I am always excited to meet new audiences and confront myself with their reactions. I have no preconceptions about the public. Despite all the differences, Poland and Turkey have much in common – both countries were at a time great empires, both have now lost some of their importance despite still being large countries, both are situated on the outskirts of Europe, both have a large diaspora abroad (among others in Germany). I must admit I am very curious about the reaction of the Turkish public.
2. The audience will meet today's Polish family in your play of No Matter How Hard We Tried which is written by Dorota Maslowska. What would be the hints you can give audiences if you were to make a reading of the play through the perspective of "Poland"?
Although at first the play may seem very Polish, it has many topics or aspects that are transferable – the illusion that “the grass is always greener on the other side” is quite universal. In her play, Dorota Masłowska confronted generations, languages, ways of thinking and functioning, different everyday realities in order to bring out the discord, the non-existence of so called ”statistical Pole”, the lack of a common ground where all this could meet and could be described by the word “we”. Everything in the play is rather gruesome and exaggerated but at the end of the day, the message is positive and affirming. We do not say: “Oh, what an awful country we live in, how drab!” On the contrary, this play is an affirmation of being a Pole and of Polishness –which is not always obvious for the generation of people in their thirties.
3. There is a collaboration between TR Warszawa and Berlin Schaubühne am Lehniner Platz for the play, No Matter How Hard We Tried. Could you tell us more about this collaboration?

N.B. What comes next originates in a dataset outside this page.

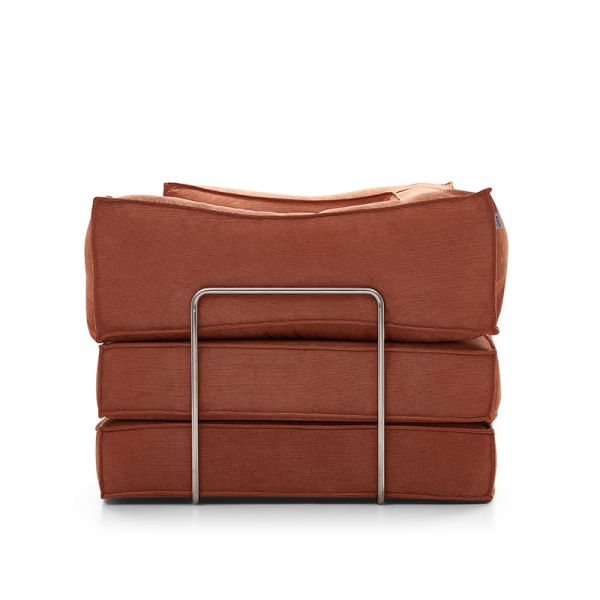 Modern Compression Sofa Bed Set Fabric Sectional Modular Design Stainless Steel Legs Square Shape Sponge Vacuum Packed Villa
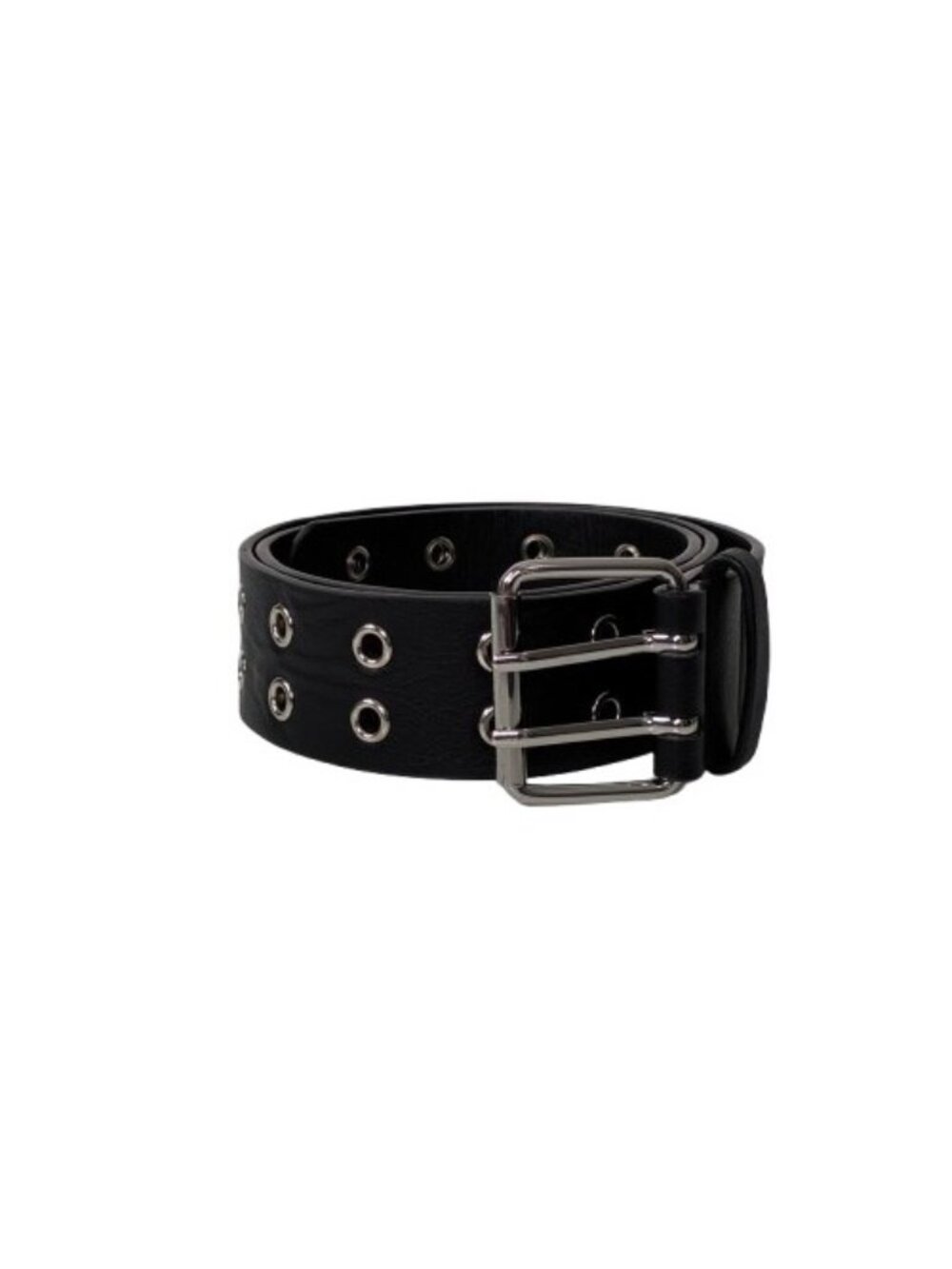 Brandy Melville Vegan Leather Grommet Belt OS Y2K Punk Grunge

Cooperations are very interesting as they add another dynamic to the creative process. From the outset we have to think about a larger and different audience, we have to organize our performing schedule in order to incorporate foreign trips. Collaborations give a chance to expand. At TR Warszawa we are quite used to cooperations both with Polish and with foreign partners – Nosferatu as well has been co-produced with Teatr Narodowy in Warsaw and with several partners such as Barbican Theatre, Dublin Theatre Festival, Adelaide Festival. Apart form artistic and exposure reasons, there are also financial ones – everybody is struggling for funds nowadays and collaborations, especially with such renowned partners like ours allow to produce quality performances.